Travelogues as Historical References

  August 17, 2021   Read time 3 min
Travelogues as Historical References
The travelogues serve as a valuable source on the history of Iran (called Persia up to 1935) during the rule of the Qajar dynasty (1797– 1925). It is particularly important to collect information on that period because until recently it has not been studied and has been misunderstood.

It was considered a relatively dull period of stagnation and weakness hardly worthy of serious study, somewhat reminiscent of the way the Middle Ages, the period between the collapse of the Roman Empire and the Renaissance, was perceived till recently by scholars of European history. The Qajars were indeed dominated by the overwhelming incursions of Russian and British colonialism but they were able to preserve the formal independence and integrity of the country (although they lost some territories to Russia). It was also during this period, at the beginning of the twentieth century, that the first Iranian constitution was adopted, the first parliament created, and modernization began. By now, the Qajar period has acquired scholarly recognition – long overdue – as an era in which significant social, political, economic and cultural changes took place. Since this rediscovery of Qajar history has occurred only in the past three or four decades, there are still many gaps to be filled. This work tries to fill one of them by introducing a new unique primary source on the history of Qajar Iran.

So far, there have been two main groups of sources available – Persian and British – with the latter including some travelogues. As usually happens with primary sources, however, like the Russian travelogues, they are biased or one-sided. It stands to reason, therefore, that only a combination of different sources can help historians assemble a reasonably complete picture of the past. The main value of the Russian travelogues introduced in this book is that they offer a fresh perspective, even if a prejudiced one, on the history of Qajar Iran. The message delivered by the travelers is unique in the sense that it has been recorded by eyewitnesses to the events and by participants in them. They help to reconstruct the social history of ordinary people as opposed to the history of rulers and heroes – adding Rashomon-like testimonials to the puzzle that is Qajar Iran.

The travelogues were written by a somewhat homogeneous group. In spite of a variety of forms, goals and degrees of reliability, they share many common features in the selection of the material and the way it is presented. Therefore, they can be examined as an integral body of information on Iran and its relations with the Russian and British Empires. Some of them are exceptionally well written and contain vivid descriptions, charming details and unique observations, while others are dull and full of self-glorification. For this book, the most representative authors and passages have been selected in order to keep a balance between generic and idiosyncratic features.

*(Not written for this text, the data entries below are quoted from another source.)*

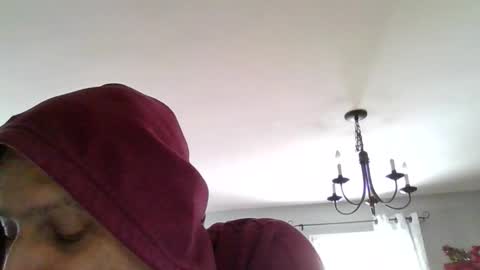 Snapshot of sirmike80 chatting on January 9, 2026, 3:37 pm SirMike80 online show from January 9, 2026, 3:37 pm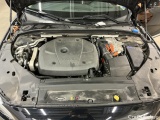  Volvo  V90 T6 Recharge 350 AWD Core Edt VOC Drag H/K #13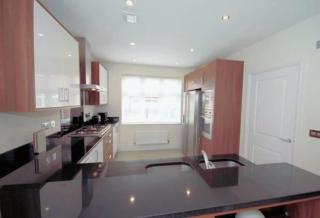 Elegant & Spacious Bristol Home - Bristol - 7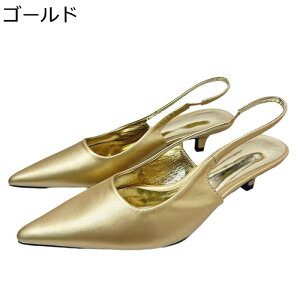 qE nCq[ pvX AN Xgbv  |CebhgD fB[X obNXgbv Eɂ ₷ ~hq[sq[  r t p[eB L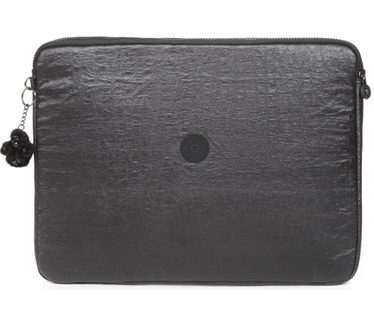Kipling Digisleeve Hoes - Notebooks tot 17"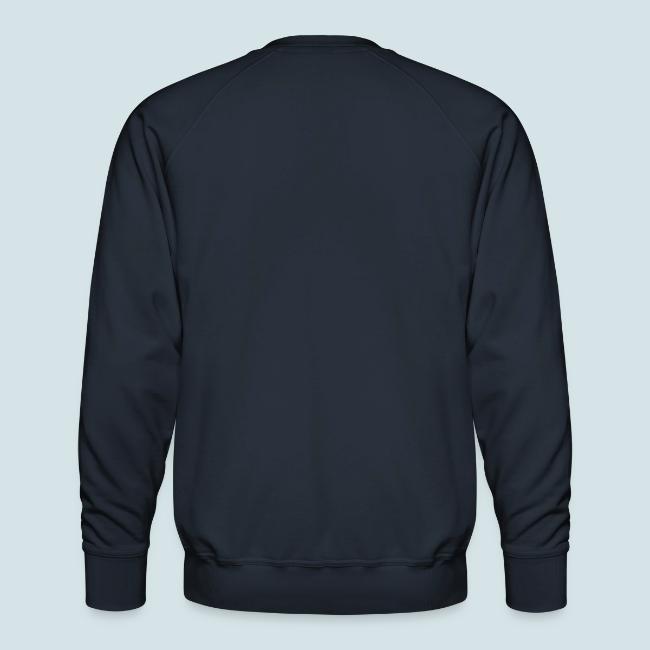 LOFC white
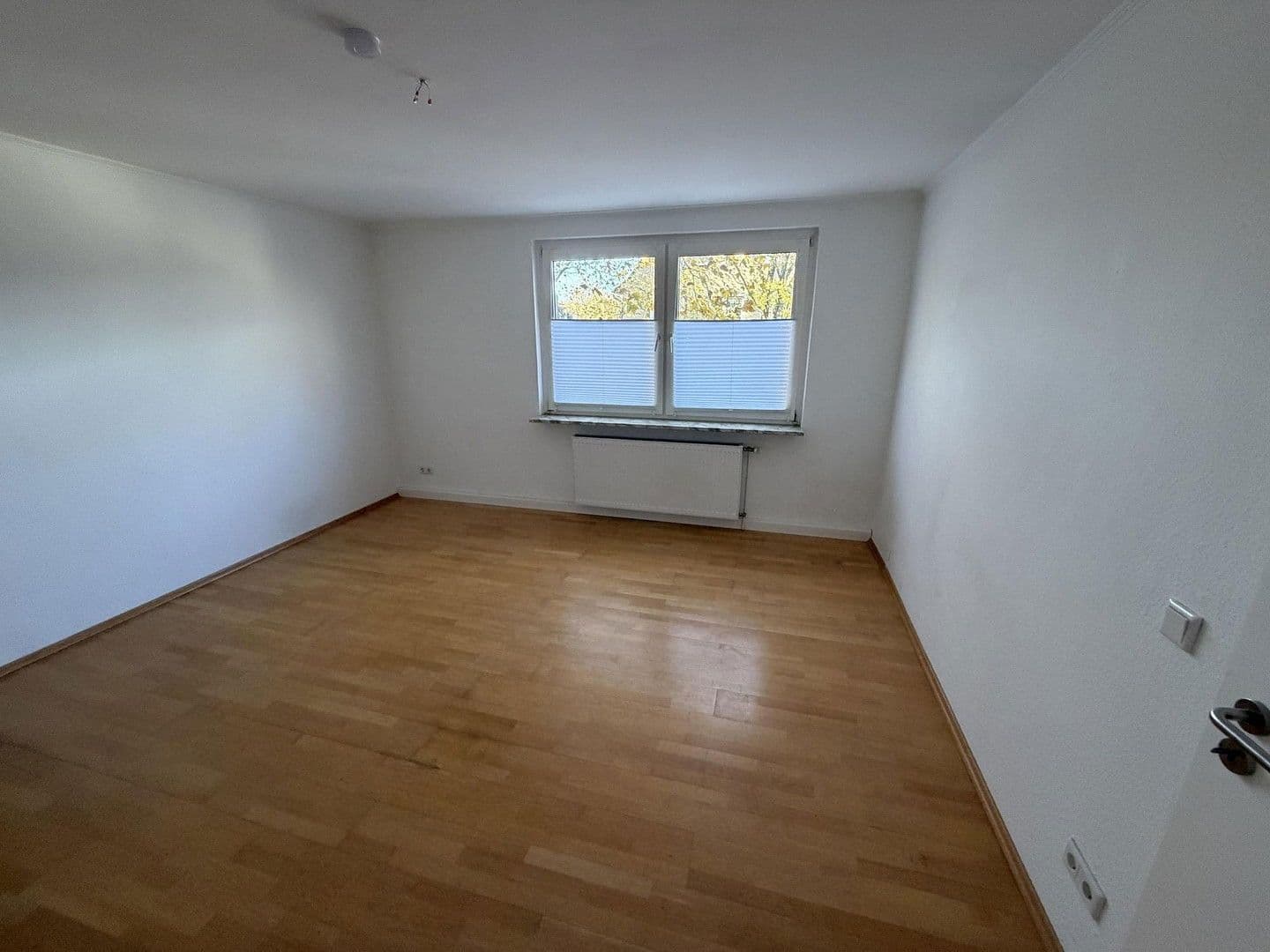 1 bedroom with open-plan kitchen flat to rent, 66 m², Carmerstrasse 29, Essen, North Rhine-Westphalia 1 bedroom with open-plan kitchen flat to rent, 66 m², Carmerstrasse 29, Essen, North Rhine-Westphalia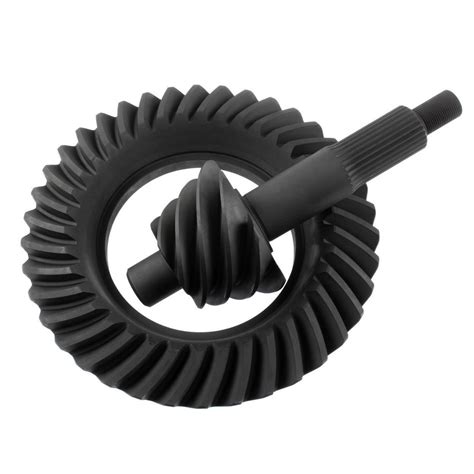 Motive Gear F890543 Differential Ring And Pinion EBay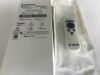 MEDTRONIC BI-900-00048 O-arm Wireless Mouse, Exp 04/2021 J0121
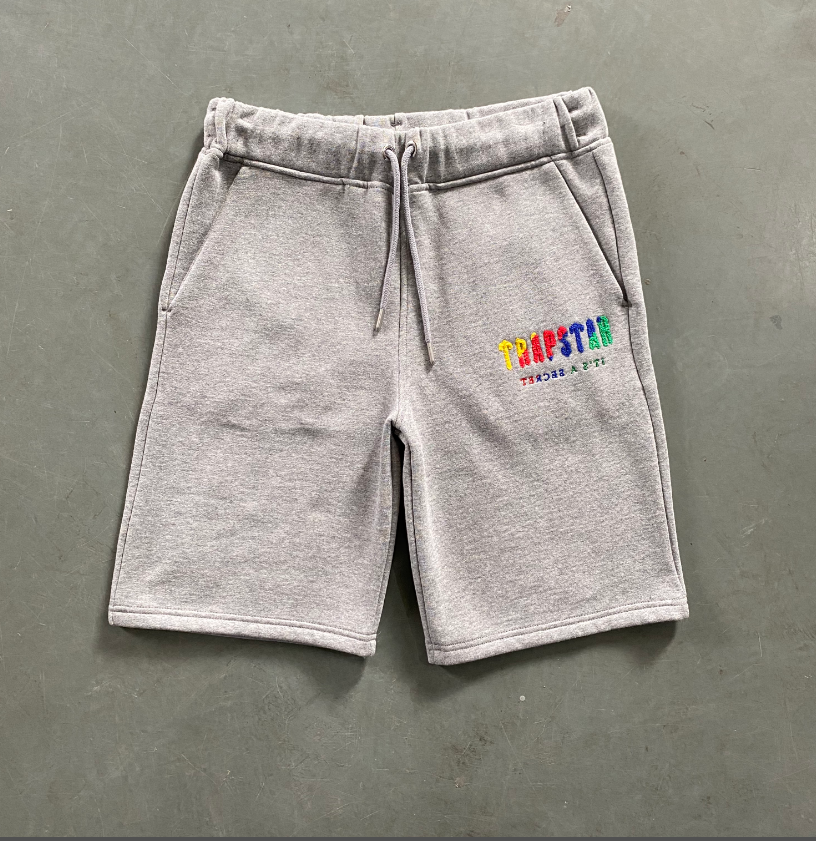 Miniatura: SUMMER EDITION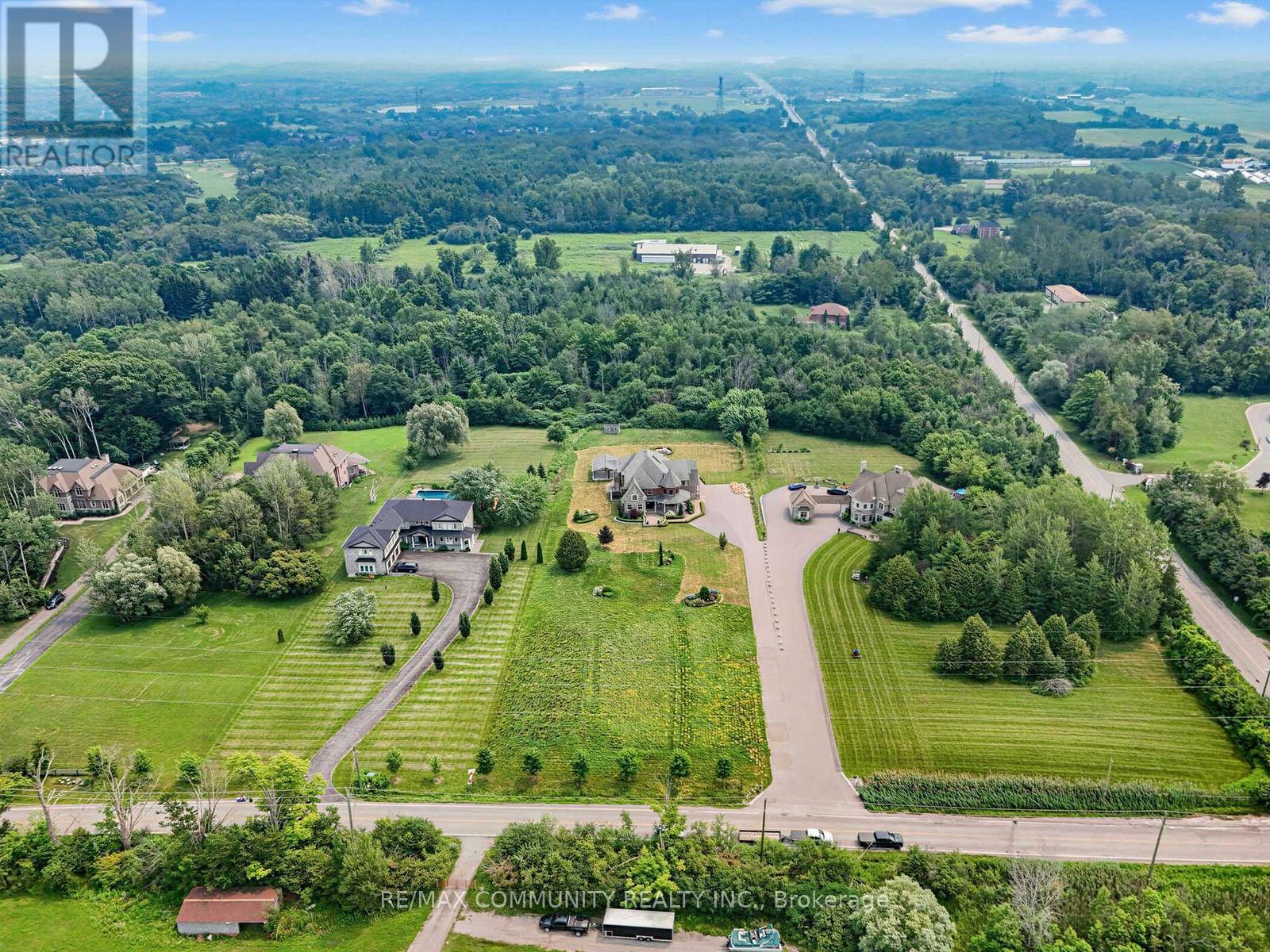 229 5th Concession Road, Ajax, Ontario  L1V 2P8 - Photo 47 - E13451342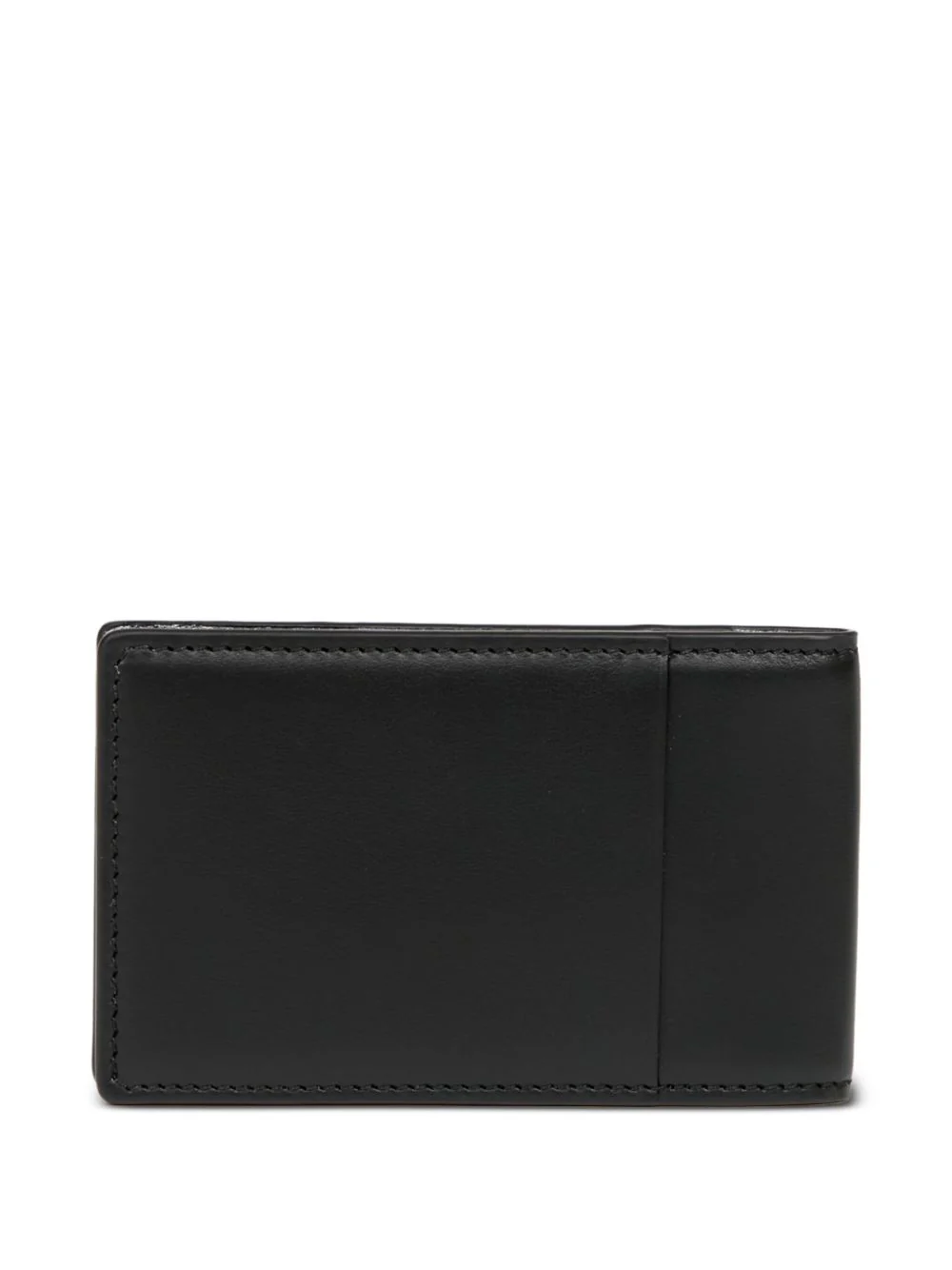 Logo-Print Cardholder - Image 4
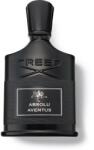 Creed Absolu Aventus Eau de parfum férfi 5 ml minta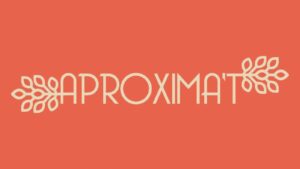 Fira Aproxima’t a Tarragona
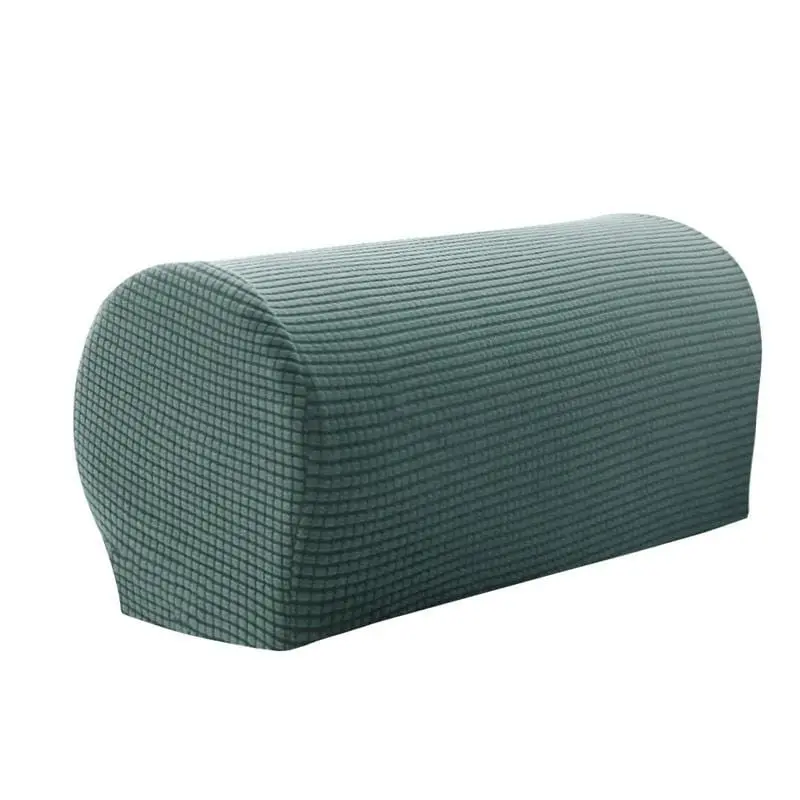 Housse accoudoir de canapé extensible ACCOUNAPE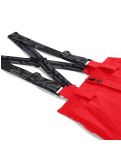 Thumbnail Spyder, Propulsion ski pants kids Spyder Red red 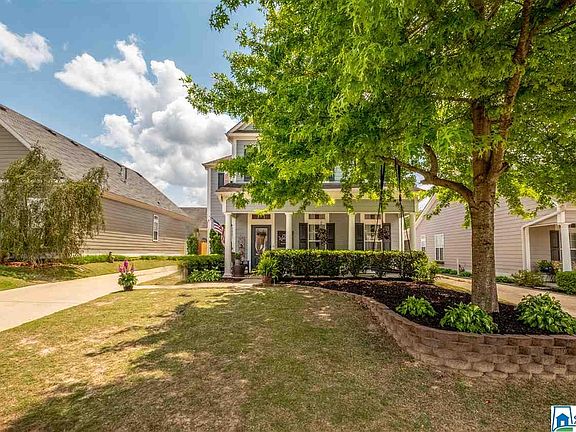 2nd image of 5427 Camellia Ln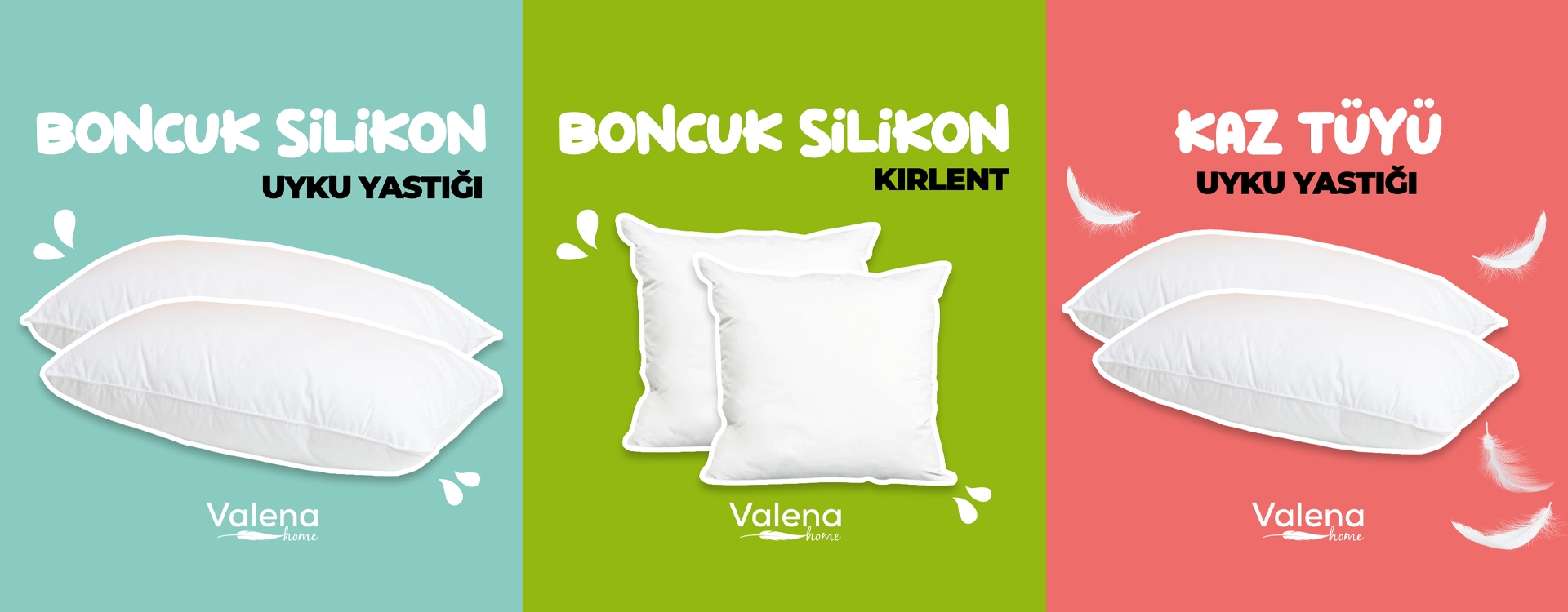 Valena Home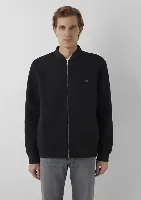 Resim M0S20054-900 Erkek Ceket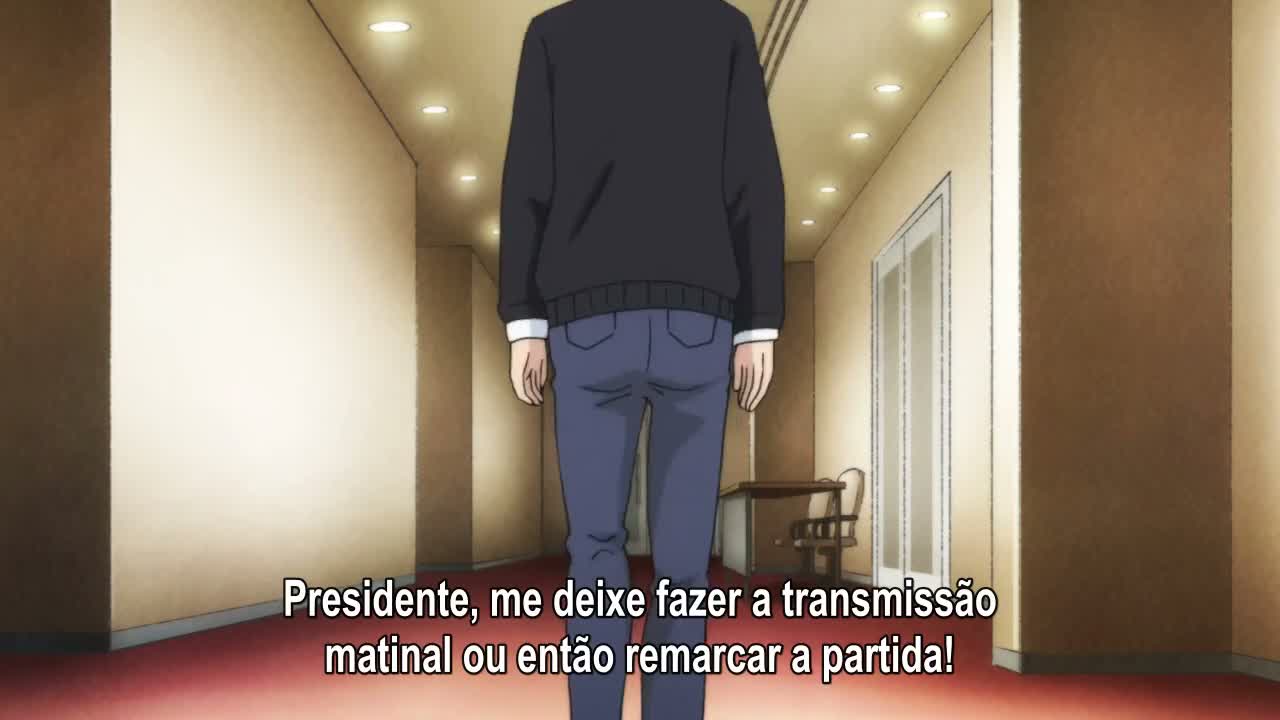 Episódio 020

Most of the travelogues were written in the last quarter of the nineteenth and early twentieth centuries, with the next largest category dating back to the 1850s and 1860s. There are just a few accounts produced in the first half of the nineteenth century. It was during the nineteenth century that Russia began losing its prestige and influence in Europe and had to shift the direction of its imperial ambitions to the East. One of its culminating successes there was the defeat of Iran in two wars (in 1801–13 and 1826–28) with subsequent territorial gains. The pacification of the Caucasus was over by the early 1860s and Central Asian territories were being brought under Russian control throughout the second half of the century. By then, Russia had become particularly interested in northern and northeastern Iran and, as a result, many Russian were sent there on various government missions. The authors of the travelogues were among them: with one or two exceptions, each traveler was charged with a military or diplomatic task and was supposed to report back.